# Information supplied:
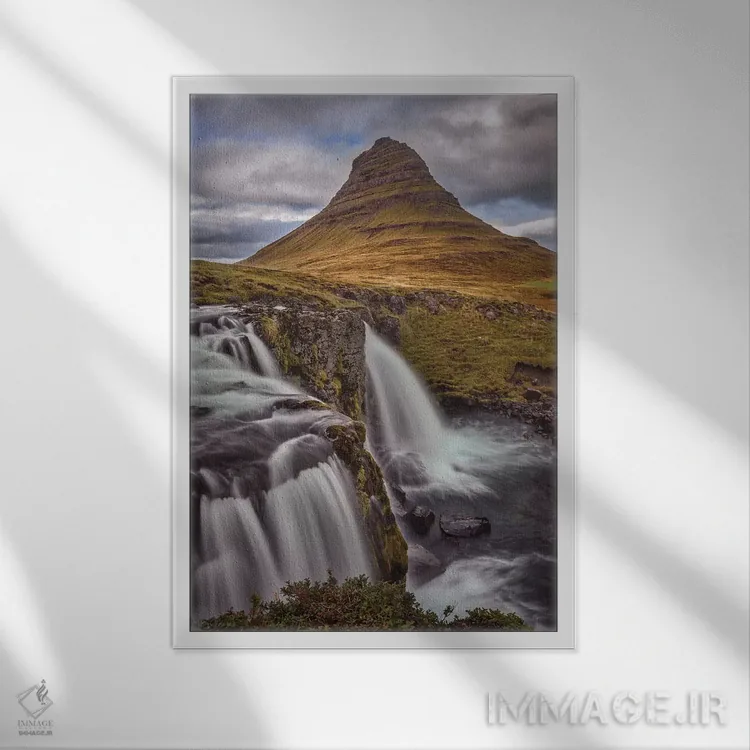 تابلو دکوراتیو Kirkjufellsfoss,ایسلند، آبشار کیرکجوفلسفوس اثر جان فورد - نمای قابدار سفید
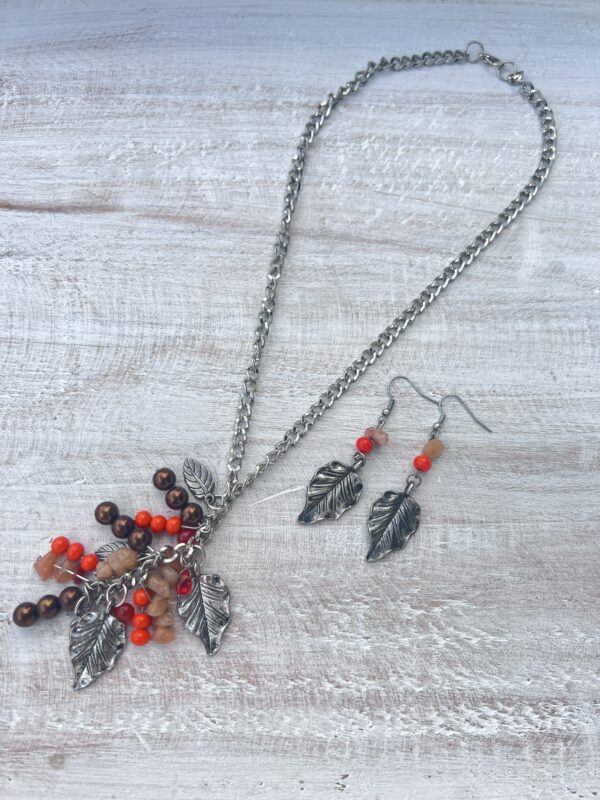 El Oto Necklace & Earrings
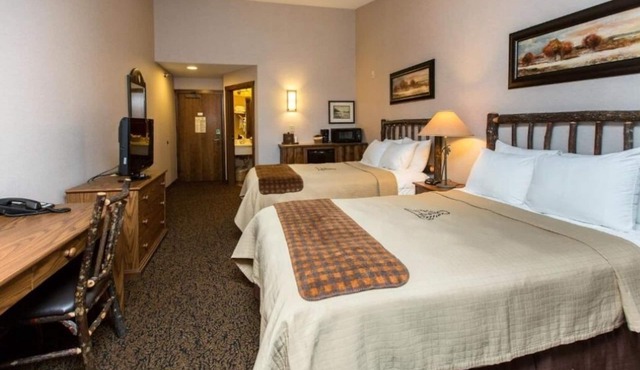 2 Queen Room | Breakfast & Hot Tub | 6mi to Children's Museum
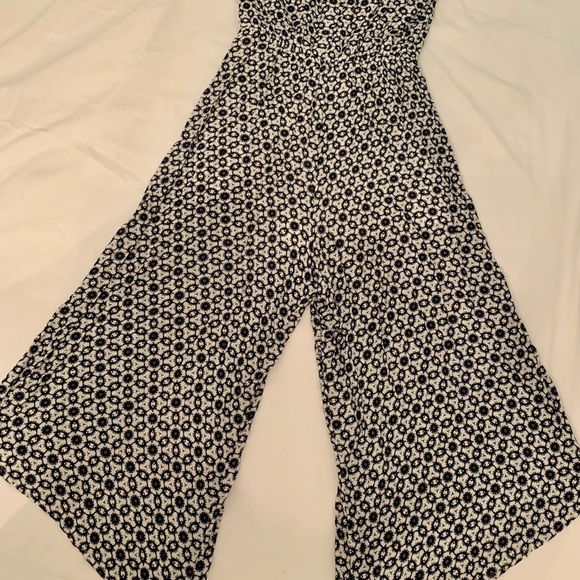 Beach Vibe jumpsuit💙🤍 Size M - Picture 3 of 4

# The problem:
The answer should contain every line of the material exactly as written and no pictures.

# Expected answer:
 تابلو دکوراتیو Kirkjufellsfoss,ایسلند، آبشار کیرکجوفلسفوس اثر جان فورد - نمای قابدار سفید
 El Oto Necklace & Earrings
 2 Queen Room | Breakfast & Hot Tub | 6mi to Children's Museum
 Beach Vibe jumpsuit💙🤍 Size M - Picture 3 of 4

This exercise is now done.